Financial Services Fraud Mitigation


Increase in Fraudulent Activities

The Office for National Statistics (ONS) reported that 5 million fraud offenses were committed in the year ending June 2021: a 32% increase on 2019. Despite the prevalence of fraud in across the country, some businesses, including financial institutions, feel that criminal behavior is not something they should respond to. As a result, criminal elements are often ignored, putting the company, its employees and their customers at risk.

Reputational and financial cost of fraud

Corporate fraud in fintech and financial service providers can include contractor fraud, financial crimes – such as money laundering and market manipulation – and wage replacement scheme fraud, for to name a few. All of these types of fraud can cost an organization its reputation and financial loss.

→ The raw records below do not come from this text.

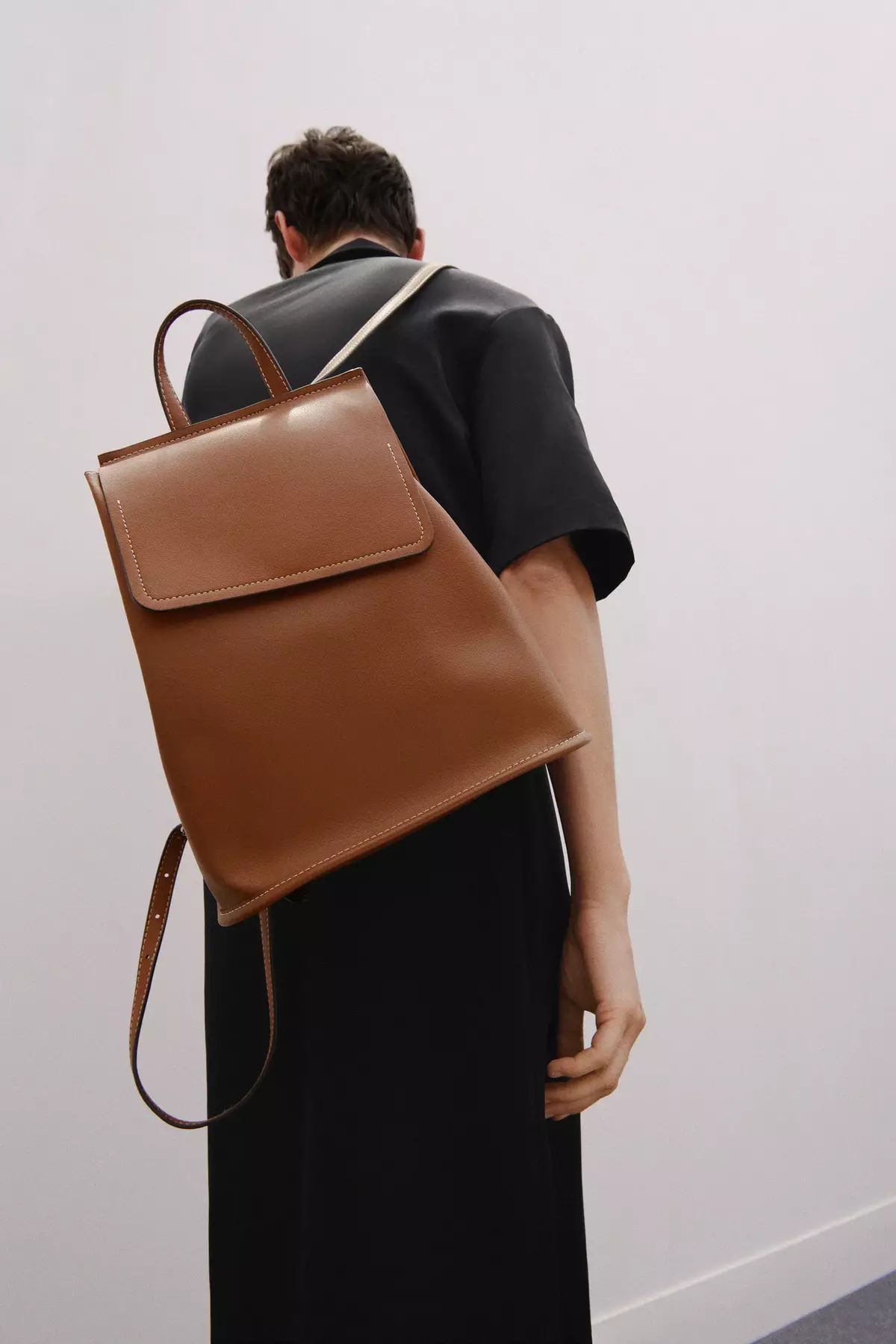 ZARA Backpacks: سیاہ خاتون، بچوں کے لئے بچوں، سرمئی اور سرخ، ساتھ ساتھ کمپنی سے بیگ بیگ بیگ کے دیگر ماڈل. پہننے کے لئے کیا سب سے بہتر ہے؟ 15437_2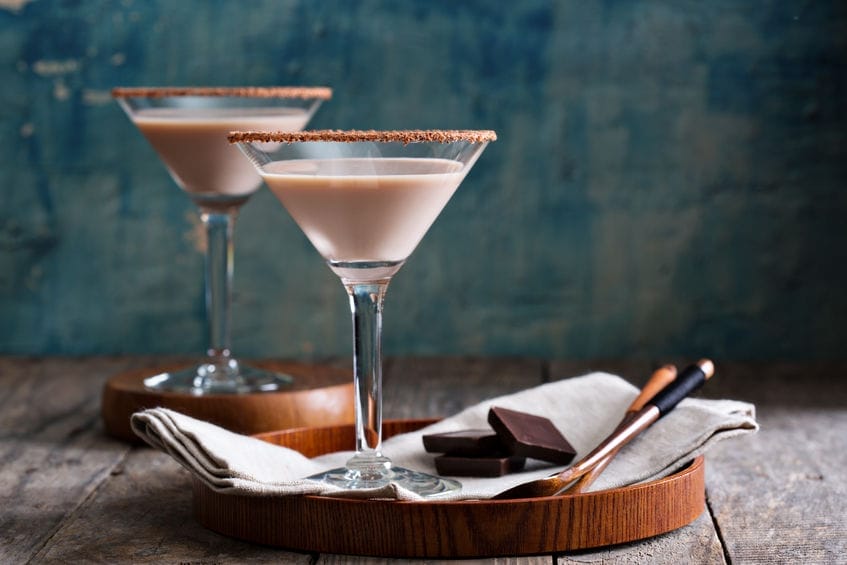 45656019 - chocolate martini coctail made from chocolate, cream and vodka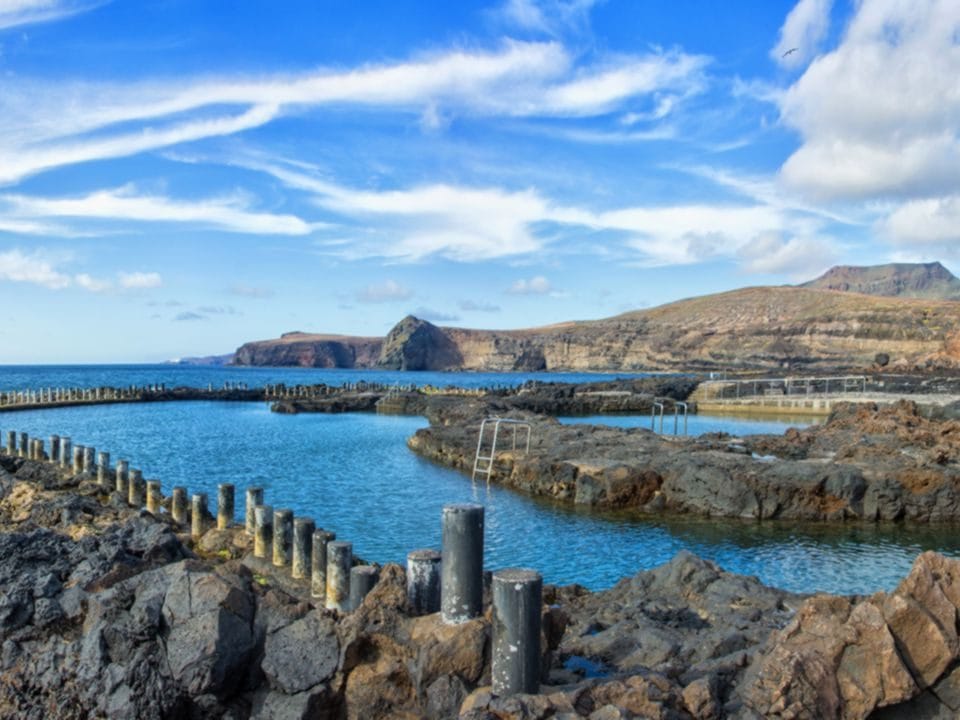 Vista de las piscinas naturales Las Salinas en Agaete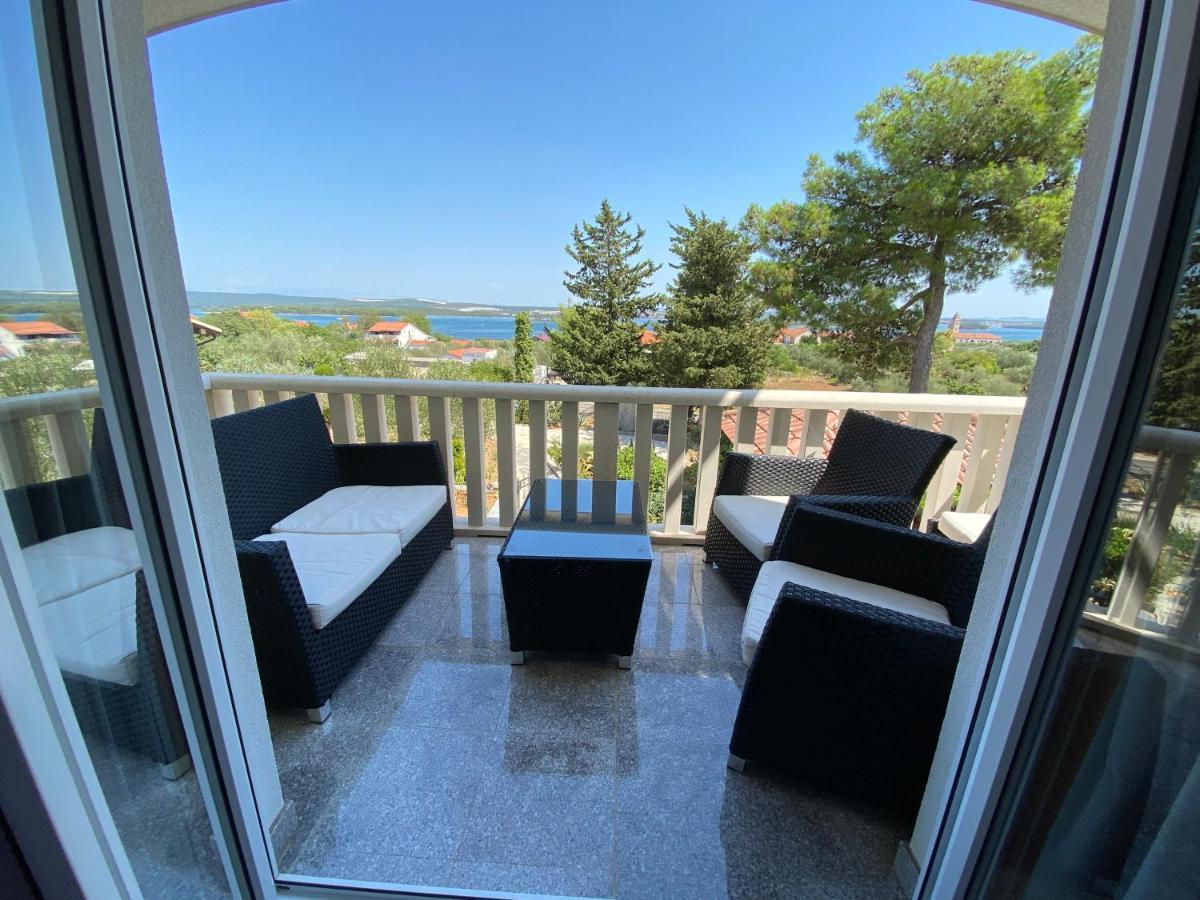 Apartments Villa Lora Kraj  Kültér fotó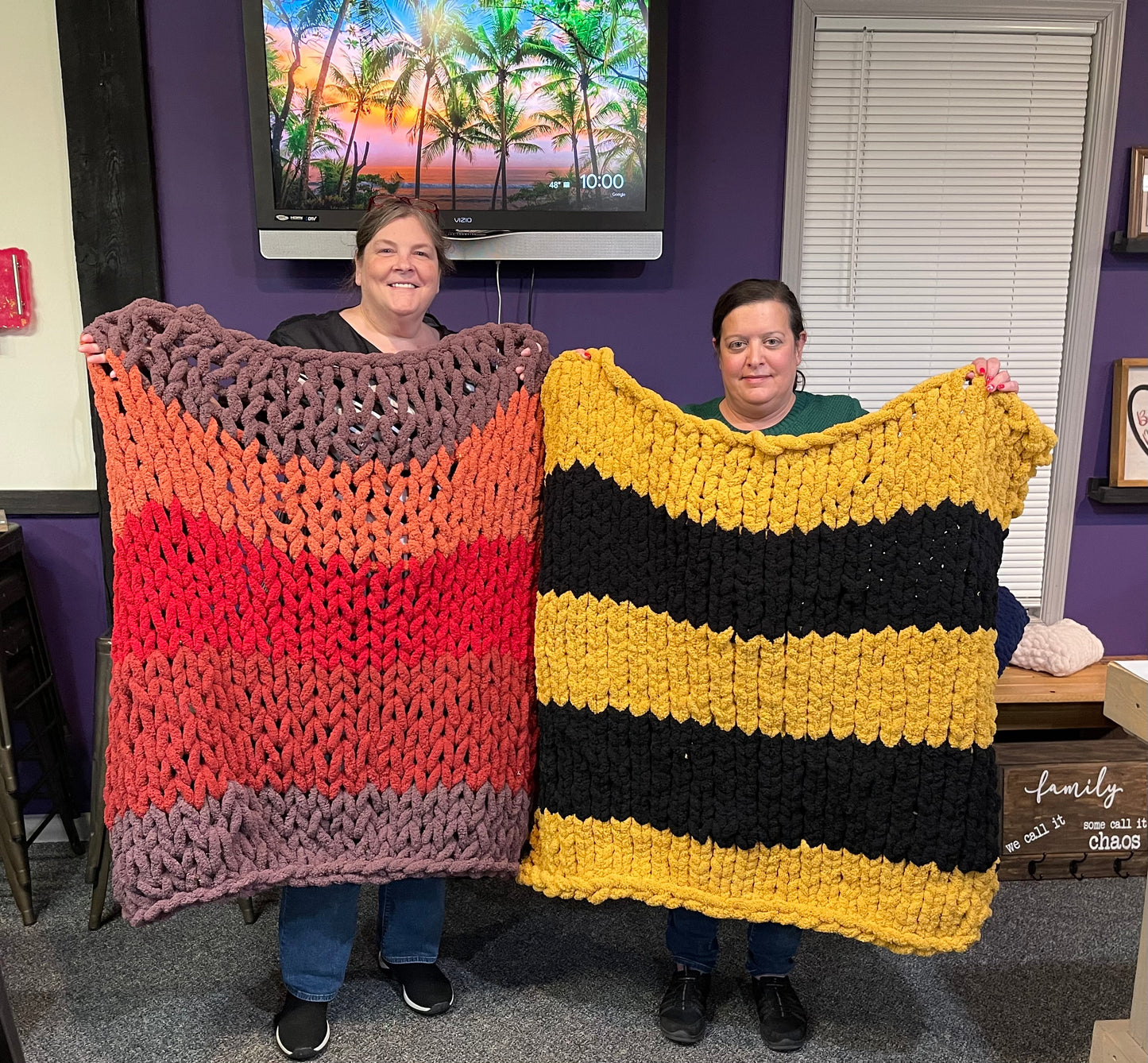 04/25/2026 (1:00PM) Hand Knitting - Patriotic Blankets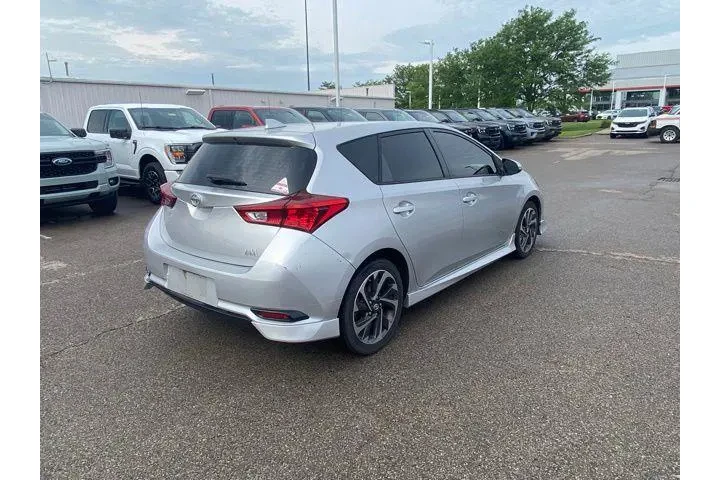$14975 : Scion iM 2016 4dr Hatchback image 3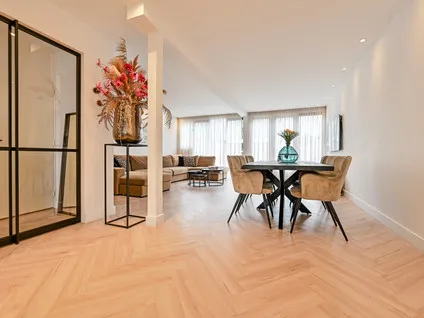 Tussenwoning te koop: Karwijstraat 97, Hoogvliet Rotterdam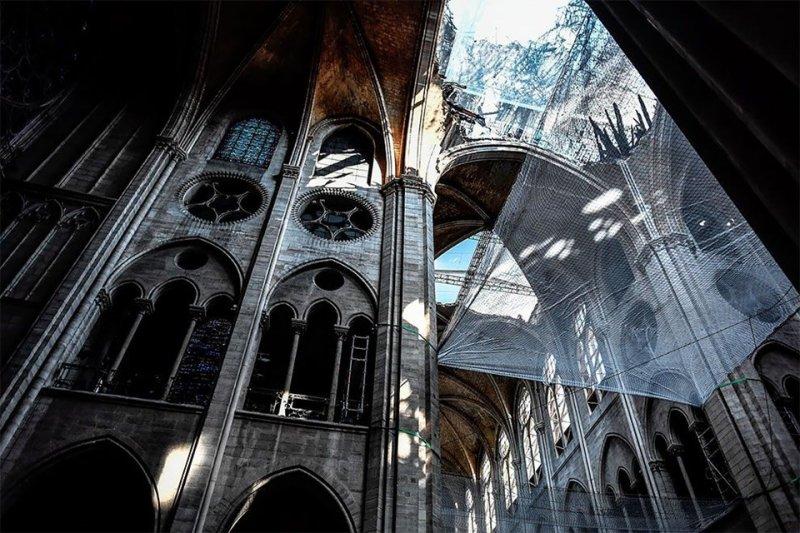 Notre Dame yeniden inşa ediliyor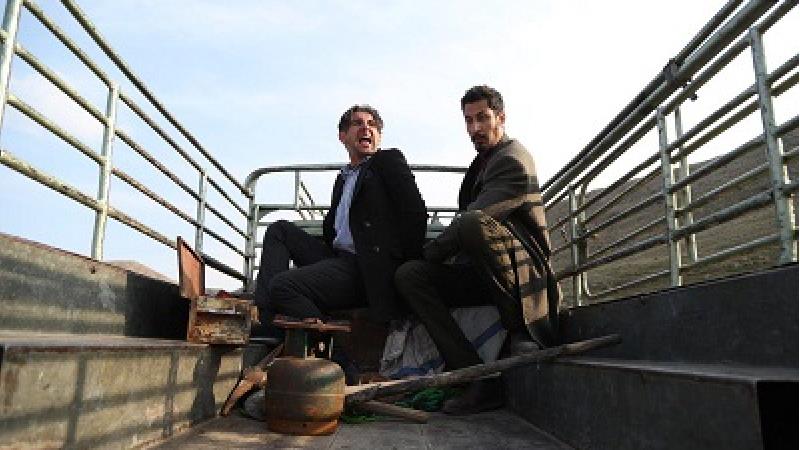 دانلود فیلم چشم و گوش بسته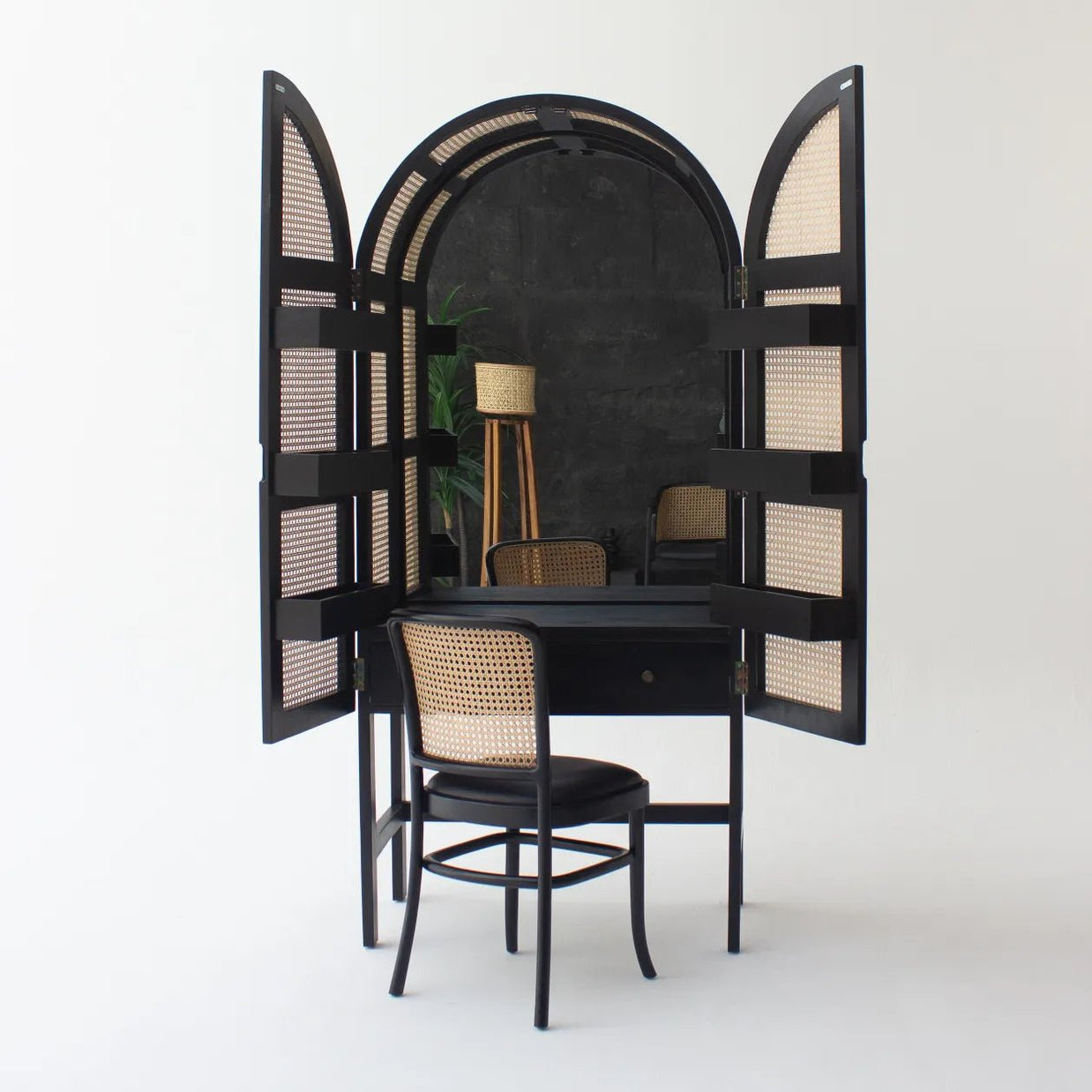 طاولة تزيين أميرة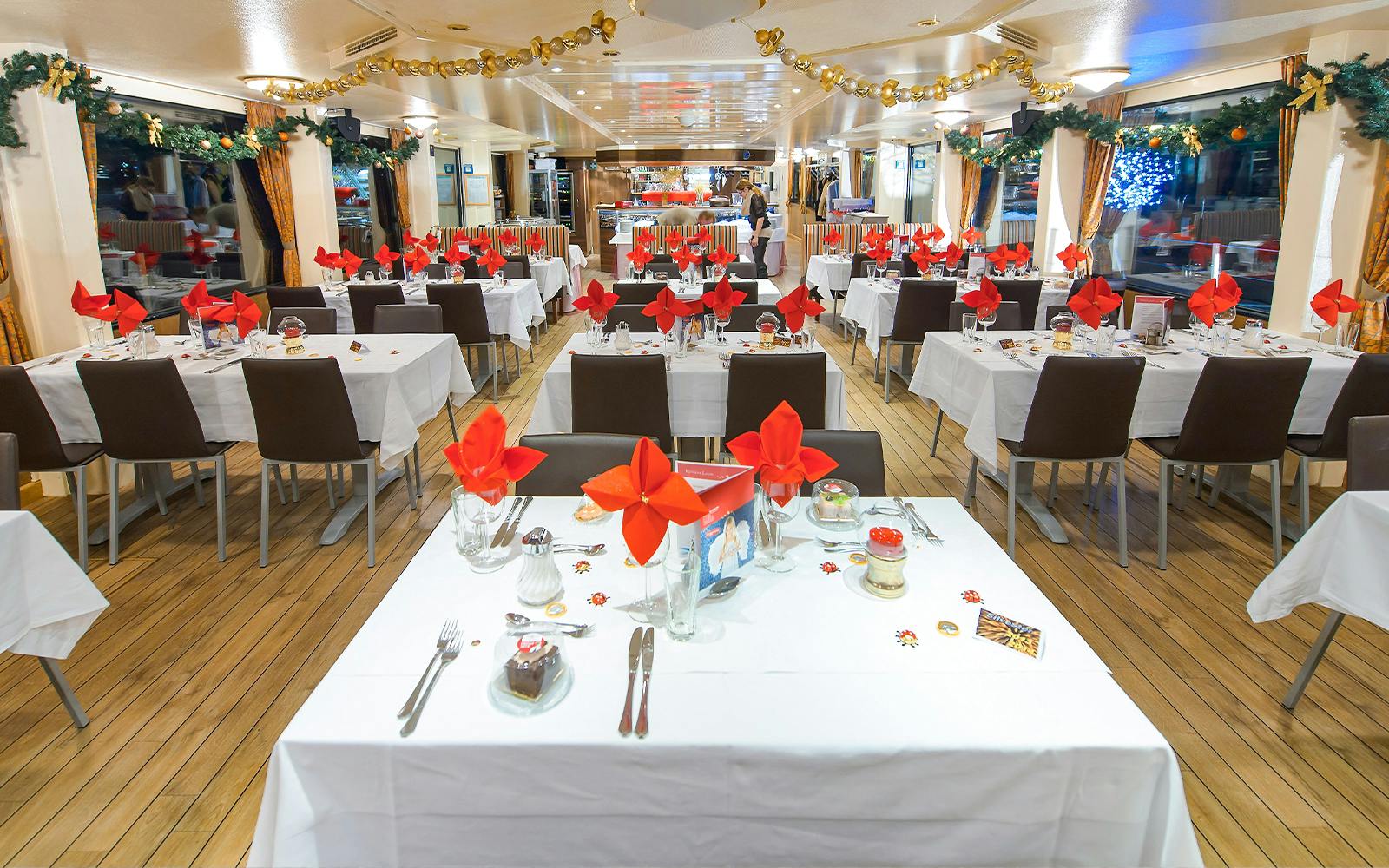 Evening Sightseeing Cruise on Danube River & Canal with Optional Dinner Image 3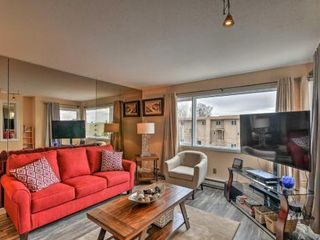 Фото отеля Anchorage Condo - Walk to Downtown and Coast Trail!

By reviewing emails and attachments, documents on file shares, text messages, phone call or voicemail recordings, and external sources such as social media and forum site visits, organizations can get a sense of what is normal to compare against criminal behavior. However, some companies struggle to gather evidence of fraudulent activity due to lack of investment in digital forensic technologies and implementation of manual data collection processes.

Protect your employees and customers

To protect a company globally, it is imperative that fraud is immediately reported upon identification. To do this, companies must have the right capabilities and work in conjunction with government and law enforcement. The key is not just to prevent and detect fraud, but to gather and secure the evidence for a successful prosecution.

Being able to instantly identify fraud protects both employees and customers. By leveraging digital forensic technologies to accelerate the process of analyzing data and documentation, companies can assimilate the nature and trace the causal link between the fraud and the perpetrator.